Since his accident, Esko Hietula is a paraplegic who uses a wheelchair, but he can drive a special car and a boat that the family owns.
The Rath-Hietula correspondence also included gifts.
Rath still has all-brown, wooden Santa Claus figures wearing fur coats that were made in Finland and wooden spoons with Rath family names burned into the handles.
Rath remembers sending huckaback work, hand-embroidered tea towels she had made.
On New Year's Eve 1994, Hietula surprised Rath with a telephone call their first verbal communication.
"It was a three-way conversation with her daughter translating," Rath said.
After the call, Hietula's 16-year-old daughter Leena wrote: "Is there any chance that you could arrange me a pen friend from USA? It would be nice if she/he likes sports."
Rath asked a neighbor's daughter, one of her piano students, if she was interested and a second generation of American-Finnish pen pals started between Leena Hietula and Yvonne Halenor.
As the years went on, the older women's letters contained more and more invitations to visit each other's countries.
Now in their mid-60s, they finally met in Helsinki last summer when the Raths traveled to Finland.
"We decided, with retirement, that that was what we wanted to do," Rath said.
Lois Rath was retired from teaching music at Carrie Busey Elementary School (but still teaches part time in St. Joseph). Ed Rath is associate director of the University of Illinois School of Music.
One surprise at the face-to-face meeting was that Anja was about a foot shorter than Rath and had gray-white hair.
"You always think someone is just your size," Rath laughed. And, when she saw Anja Hietula's hair, she realized "We hadn't sent pictures for a while."
"We were sitting around the kitchen table, dictionaries in hand," Rath recalled, when she gave Hietula a picture frame with copies of the first school-girl pictures they had exchanged and space for a picture of their 2009 meeting.
"When we were younger, I sent her a leather coin purse that I had made in 4-H," Rath said. "She still had it.
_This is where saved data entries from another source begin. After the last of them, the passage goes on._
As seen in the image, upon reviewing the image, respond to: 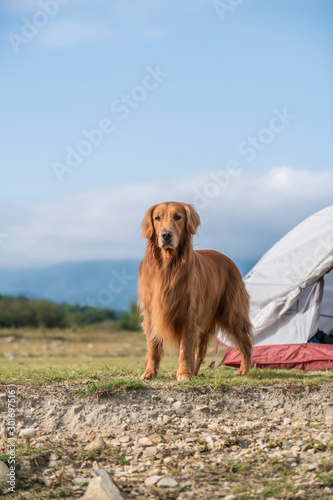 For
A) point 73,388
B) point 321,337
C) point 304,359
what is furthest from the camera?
point 321,337

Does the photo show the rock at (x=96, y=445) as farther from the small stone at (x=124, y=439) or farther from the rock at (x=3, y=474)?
the rock at (x=3, y=474)

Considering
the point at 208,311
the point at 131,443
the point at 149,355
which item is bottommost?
the point at 131,443

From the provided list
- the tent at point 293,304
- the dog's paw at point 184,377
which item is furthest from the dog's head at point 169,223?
the tent at point 293,304

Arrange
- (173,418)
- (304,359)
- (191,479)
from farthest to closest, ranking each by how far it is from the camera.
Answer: (304,359)
(173,418)
(191,479)

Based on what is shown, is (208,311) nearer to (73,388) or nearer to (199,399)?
(199,399)

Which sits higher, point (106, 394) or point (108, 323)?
point (106, 394)

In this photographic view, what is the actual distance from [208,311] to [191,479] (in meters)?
2.74

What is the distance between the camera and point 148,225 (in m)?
6.04

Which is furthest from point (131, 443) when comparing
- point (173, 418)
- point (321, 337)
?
point (321, 337)

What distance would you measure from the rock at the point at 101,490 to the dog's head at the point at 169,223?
2.51 metres

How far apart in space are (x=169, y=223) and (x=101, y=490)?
2783mm

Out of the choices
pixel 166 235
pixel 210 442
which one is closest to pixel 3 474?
pixel 210 442

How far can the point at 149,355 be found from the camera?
6.24m

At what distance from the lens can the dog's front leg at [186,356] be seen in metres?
5.94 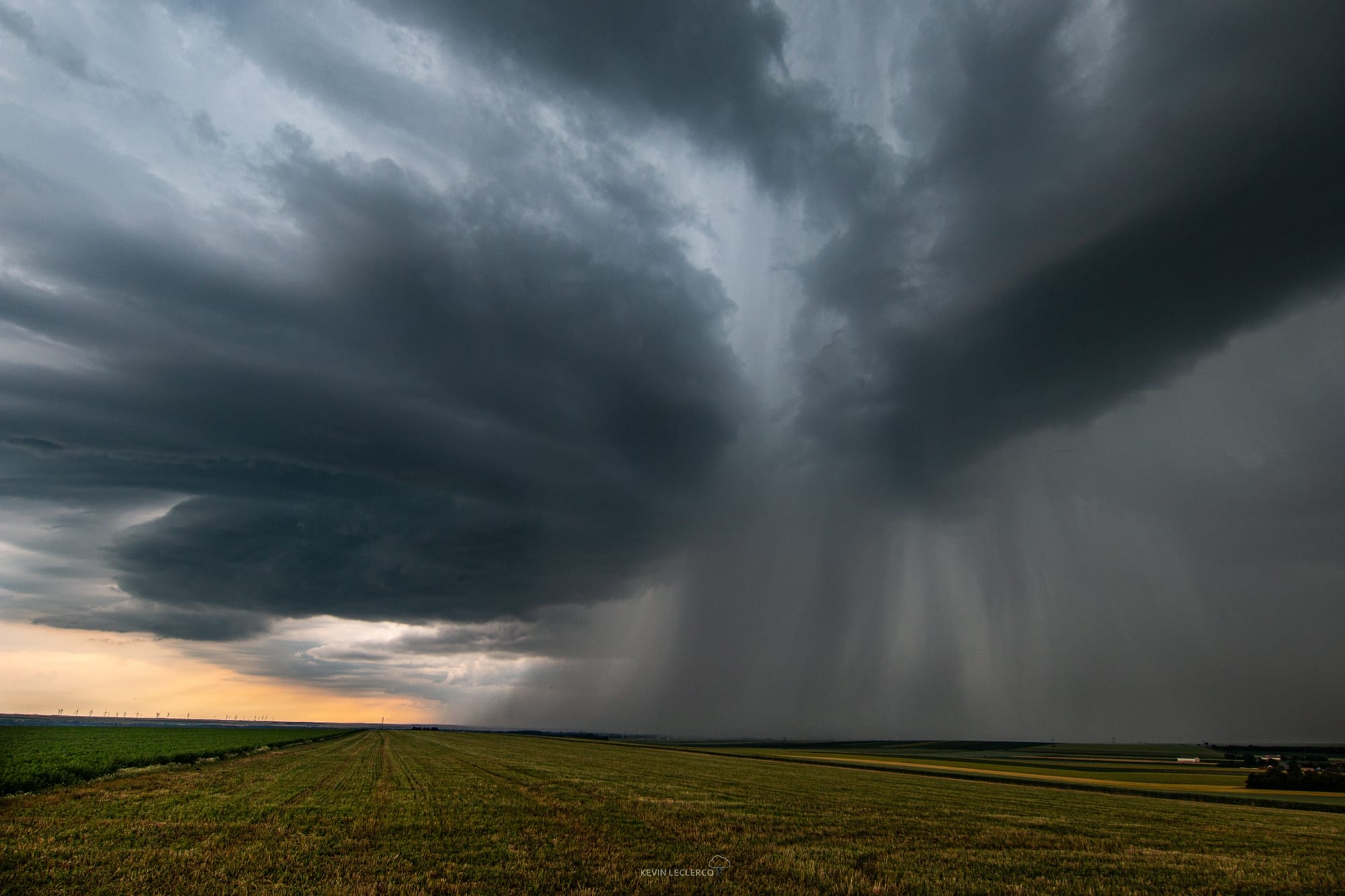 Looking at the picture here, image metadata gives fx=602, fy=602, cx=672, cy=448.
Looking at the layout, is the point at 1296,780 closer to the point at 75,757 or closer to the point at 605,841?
the point at 605,841

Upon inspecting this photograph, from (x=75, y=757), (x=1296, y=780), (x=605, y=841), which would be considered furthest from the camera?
(x=1296, y=780)

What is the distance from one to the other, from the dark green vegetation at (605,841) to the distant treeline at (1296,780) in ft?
146

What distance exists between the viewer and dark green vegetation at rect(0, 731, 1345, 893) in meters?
15.7

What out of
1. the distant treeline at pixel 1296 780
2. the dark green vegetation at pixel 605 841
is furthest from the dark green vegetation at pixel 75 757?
the distant treeline at pixel 1296 780

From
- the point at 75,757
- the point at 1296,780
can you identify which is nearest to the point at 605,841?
the point at 75,757

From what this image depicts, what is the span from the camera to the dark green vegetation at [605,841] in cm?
1570

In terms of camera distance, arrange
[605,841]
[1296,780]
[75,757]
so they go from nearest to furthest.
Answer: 1. [605,841]
2. [75,757]
3. [1296,780]

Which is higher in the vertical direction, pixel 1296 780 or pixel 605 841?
pixel 605 841

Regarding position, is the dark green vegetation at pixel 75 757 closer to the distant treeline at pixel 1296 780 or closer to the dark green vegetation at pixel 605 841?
the dark green vegetation at pixel 605 841

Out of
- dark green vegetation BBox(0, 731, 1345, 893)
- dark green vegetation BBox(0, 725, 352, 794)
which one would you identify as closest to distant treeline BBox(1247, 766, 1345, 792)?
dark green vegetation BBox(0, 731, 1345, 893)

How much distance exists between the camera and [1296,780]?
71.1m

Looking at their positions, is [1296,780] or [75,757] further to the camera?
[1296,780]

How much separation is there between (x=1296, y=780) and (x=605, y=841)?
94.8 m

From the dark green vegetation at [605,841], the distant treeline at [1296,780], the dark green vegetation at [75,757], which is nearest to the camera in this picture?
the dark green vegetation at [605,841] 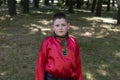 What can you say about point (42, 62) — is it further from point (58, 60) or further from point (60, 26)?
point (60, 26)

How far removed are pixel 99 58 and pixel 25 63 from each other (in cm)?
Result: 232

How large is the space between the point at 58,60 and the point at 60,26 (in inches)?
17.0

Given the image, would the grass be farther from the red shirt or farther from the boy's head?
the boy's head

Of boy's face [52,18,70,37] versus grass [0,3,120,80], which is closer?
boy's face [52,18,70,37]

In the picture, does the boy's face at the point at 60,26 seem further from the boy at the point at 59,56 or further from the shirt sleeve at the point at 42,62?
the shirt sleeve at the point at 42,62

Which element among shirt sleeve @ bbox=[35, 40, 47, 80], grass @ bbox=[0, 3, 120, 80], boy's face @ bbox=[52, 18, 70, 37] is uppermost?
boy's face @ bbox=[52, 18, 70, 37]

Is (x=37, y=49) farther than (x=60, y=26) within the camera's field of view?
Yes

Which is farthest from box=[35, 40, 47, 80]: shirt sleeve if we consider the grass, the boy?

The zipper was broken and the leather looked 100 years old, but it was nice to see that it was really used."
The Raths also took a side trip with the Hietulas, traveling east to the Finns' summer cottage on the Russian border.
"Our husbands really hit it off with their mutual love and talk of music," Rath said. "The last night we were together he (Esko) sang Elvis' 'Are you Lonesome Tonight?' to us."
"There was champagne when we met and tears when we exchanged gifts and left," Rath said.
By the time of the Hietula and Rath visit, Leena Hietula and Yvonne now Yvonne Shaw of Bondville had been corresponding for 14 years.
They use more modern methods of connecting through e-mail and Facebook at least once a month.
During the senior pen pals' trip, which Leena was translating, Yvonne got regular updates on the visit and would send e-mails like "Say 'Hi' to the Raths."
The second generation exchange sometimes includes regular mail.
"When they're on holiday, we'll get a postcard and then we'll do the same," Shaw said.
Leena married a man named Aki, but kept her maiden name.
Leena Hietula and Shaw exchanged gifts such as books and pillow cases before they had children.
"Now we exchange more for the kids," Shaw said. "I send toys for her daughter and son bath boys, crayons and color books, sidewalk chalk ... and clothes. She sends Christmas presents for my daughter."
The younger Finns have a 1-year-old and 5-year-old. Shaws' daughter is 3.
"When I got married, in 2003, we invited them; and they almost came," Shaw said. "We don't want to wait 25 years before we meet or 50 years like Anja and Lois. But travel challenges us with young families."